Khabar Southeast Asia

  • English
  • Bahasa

"Satu Alamat" potret kerukunan umat beragama

Oleh Rochimawati untuk Khabar Southeast Asia di Solo, Jawa Tengah

Juni 14, 2014

Oxi Ramadani (kiri) dan Anisa Nur Khasanah membahas pembuatan film mereka

Oxi Ramadani (kiri) dan Anisa Nur Khasanah membahas pembuatan film mereka "Satu Alamat" di Pondok Pesantren Al Muayyad, Solo. [Rochimawati/Khabar]

Oxi Ramadani, seorang santri di Pesantren Al Muayyad di Solo, merasa tertekan karena seringnya mendengar laporan tentang intoleransi di kotanya, meskipun adabermacam-macam agama.

Bersama dengan teman-temannya, Laula Sawitri Hilman, Siti Zaenab, Anisa Nur Khasanah, Yuyun Najinah Al-Kholisi dan Asyifa, Oxi menerima tawaran sekolahnya untuk membuat film dokumenter mengenai topik tersebut – yang memberi stempel citra kota kediamannya sebagai surga bagi ekstremis.

"Kami belum pernah membuat film sebelumnya. Dalam pembuatan film ini untuk pertama kalinya saya memegang kamera," kata Anisa.

Film "Satu Alamat" mengisahkan umat Muslim dan Kristen yang hidup rukun. Protagonis remajanya (juga bernama Anisa dan dimainkan oleh Oxi), menuntut ilmu di pesantren dan terganggu oleh banyak laporan mengenai ekstremis yang ditangkap di wilayahnya.

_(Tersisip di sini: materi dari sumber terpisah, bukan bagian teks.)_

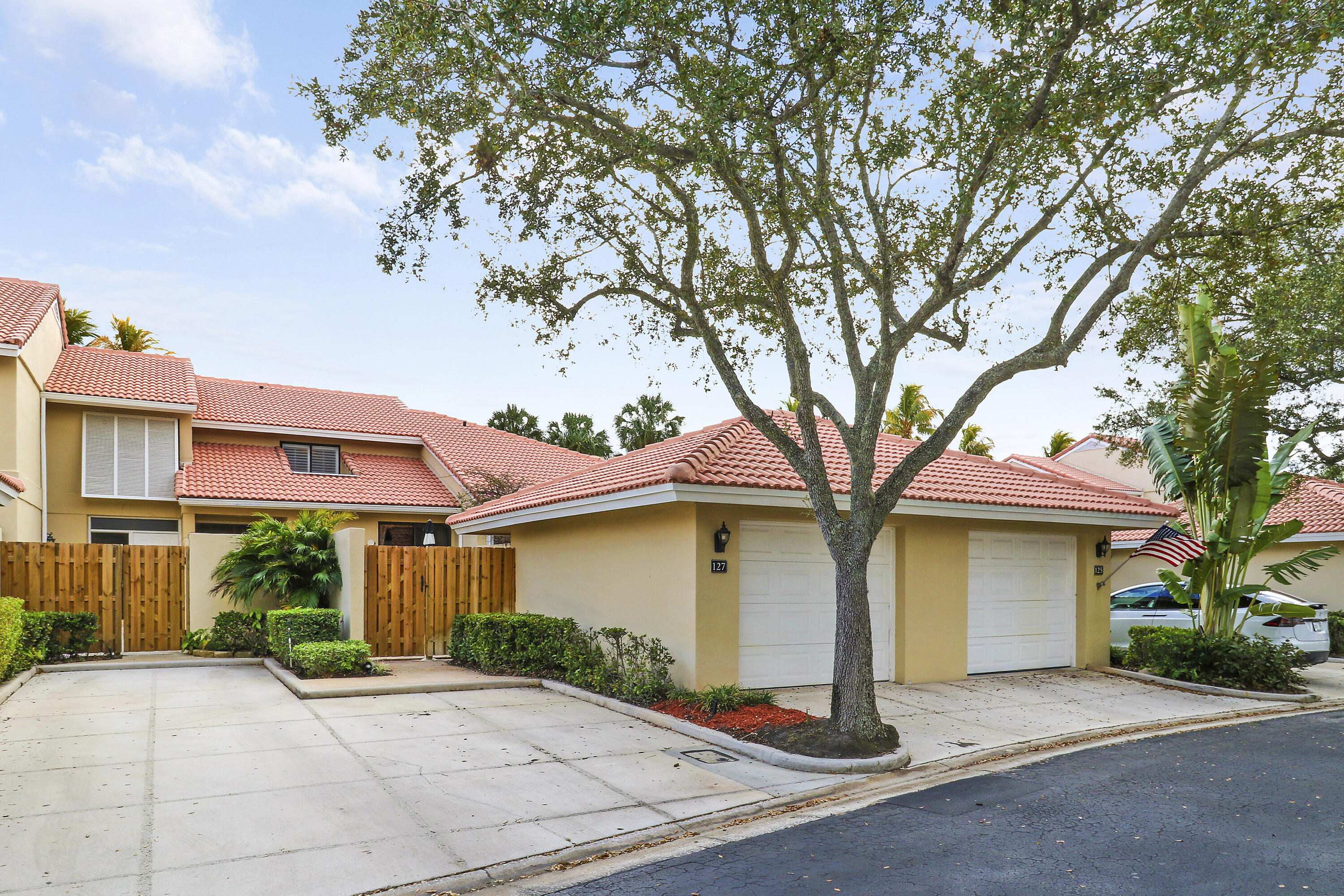 Foto de propiedad en 127 Old Meadow Way, Palm Beach Gardens, FL 33418 Palm Beach Gardens con MLS#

Pada akhirnya, ia menemukan kerukunan umat beragama masih ada di kotanya ketika dia menemukan bahwa Masjid Al-Hikmah dan Gereja Kristen Jawa (GKJ) Joyodiningratan secara dengan penuh rasa hormat berbagi satu alamat dan dinding di Solo. Masjid ini tidak memiliki beduk dan gereja juga tidak memiliki lonceng – sebagai pengingat bahwa agama lebih dari sekadar lambang, katanya.

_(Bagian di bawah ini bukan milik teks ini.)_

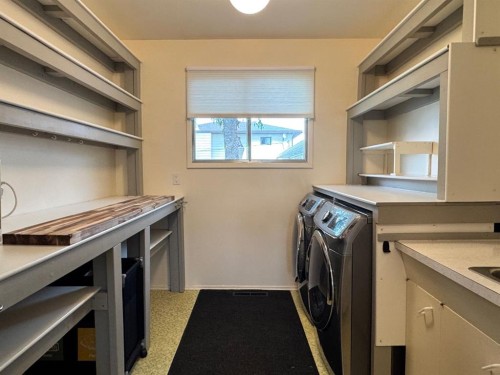 10713 105 Avenue, Fairview, AB - Indoor Photo Showing Laundry Room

"Kami ingin bangsa ini untuk sekali lagi menghormati keyakinan dan agama masing-masing. Kami ingin menunjukkan kepada dunia luar bahwa Solo benar-benar menghargai perbedaan," kata Oxi kepada Khabar Southeast Asia. "Dan juga, bahwa Solo bukan kota teroris."

Menghargai perbedaan

"Kami menganggap apa yang dilakukan para siswa Al Muayyad adalah sesuatu yang positif dlam membangun kerukunan umat beragama. Ini adalah contoh bagaimana kita bisa hidup berdampingan dengan baik, tanpa mengganggu satu sama lain," kata Pendeta Gereja Kristen Jawa Nunung Istining Hyang.

Ustad Ridho, guru di Pesantren Al Muayyad, berkata bahwa persatuan dan keragaman selalu diajarkan di sekolahnya. "Kami juga berharap bahwa kerukunan umat beragama hadir di kota-kota lain di Indonesia. Betapa indahnya bila kita saling menghormati dan menghargai," katanya.

Ridho mengatakan "Satu Alamat" dimulai dengan tawaran dari Institut Wahid dan Perhimpunan Pengembangan Pesantren dan Masyarakat (P3M) bagi para siswa yang terampil dalam produksi radio dan video dokumenter untuk menyuarakan nilai-nilai Islam yang damai dan toleran.

Film ini diputar di berbagai universitas dan di Festival Film Pelajar Pesantren 2013.

Yoyok Sunaryo, seorang warga dari Badran, berharap film ini dapat didistribusikan secara internasional "sehingga masyarakat Indonesia dan dunia tahu bahwa Solo benar-benar menghargai perbedaan dan bahwa Solo bukan sarang teroris."